▶ **Work request**: The data below holds a line containing "セール】2wayファーカラーリバーショートコート（チェスターコート" and a line containing "Hollister Teal Cable Knit Button-Up Cardigan"; please quote exactly those two lines and every line between them, and nothing else.

*** Record extracts Section Begins ***

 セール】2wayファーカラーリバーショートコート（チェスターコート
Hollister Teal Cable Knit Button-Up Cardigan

*** Record extracts Section Ends ***
*** Record extracts Section Begins ***

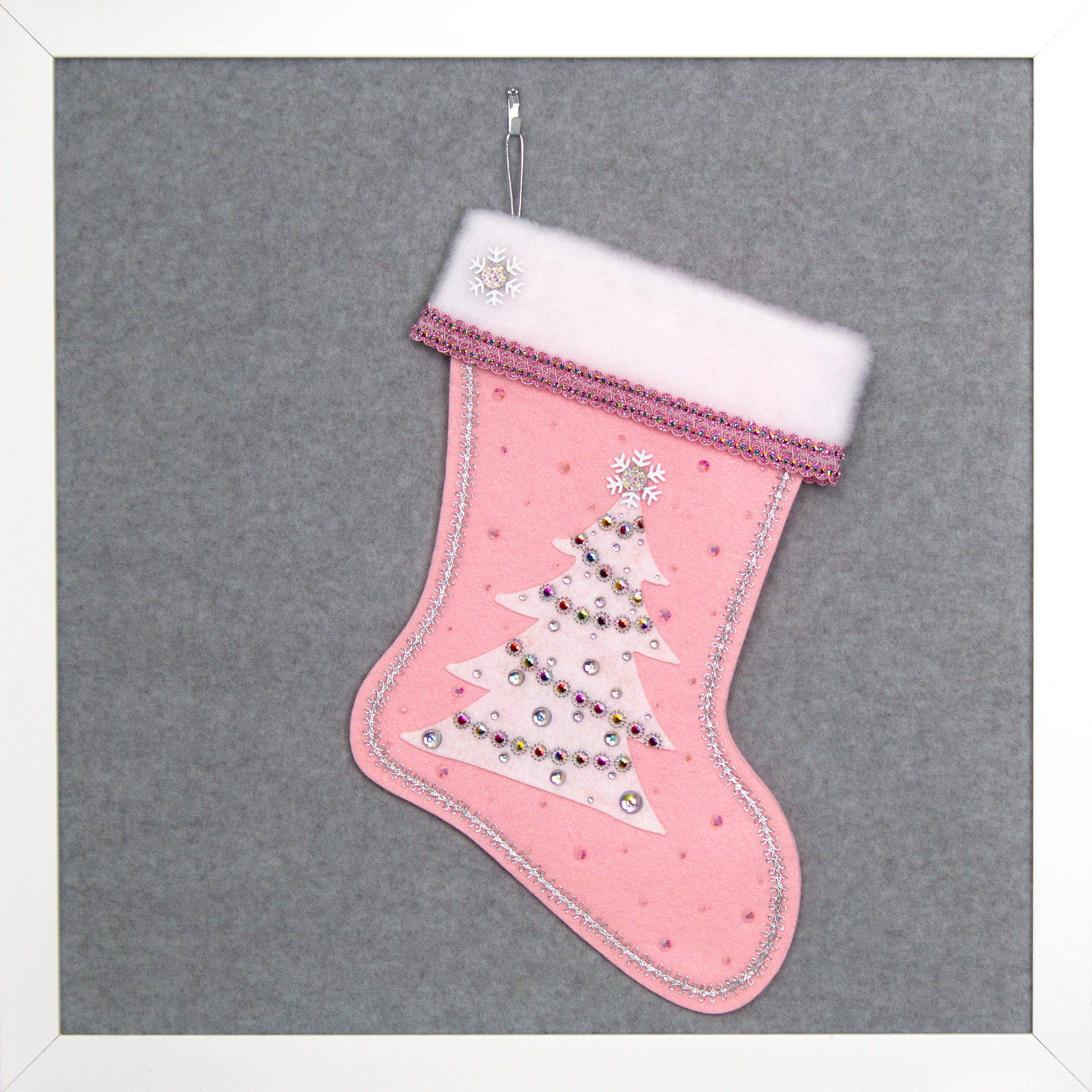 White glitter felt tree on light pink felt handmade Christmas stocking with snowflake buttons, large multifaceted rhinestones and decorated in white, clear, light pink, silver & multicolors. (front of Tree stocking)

*** Record extracts Section Ends ***
*** Record extracts Section Begins ***

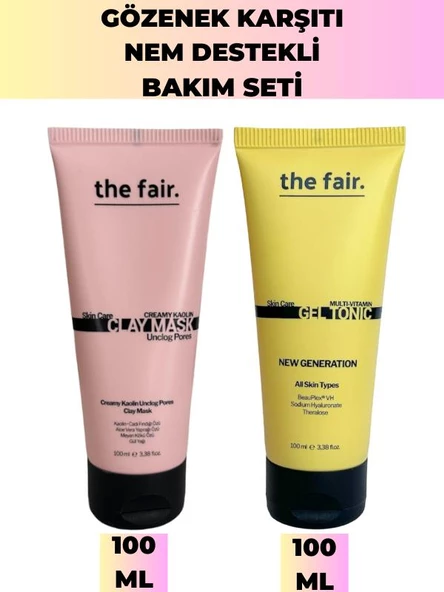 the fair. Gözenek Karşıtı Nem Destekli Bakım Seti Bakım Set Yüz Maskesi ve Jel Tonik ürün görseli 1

*** Record extracts Section Ends ***

▶ **Output for this exercise**:
 セール】2wayファーカラーリバーショートコート（チェスターコート
Hollister Teal Cable Knit Button-Up Cardigan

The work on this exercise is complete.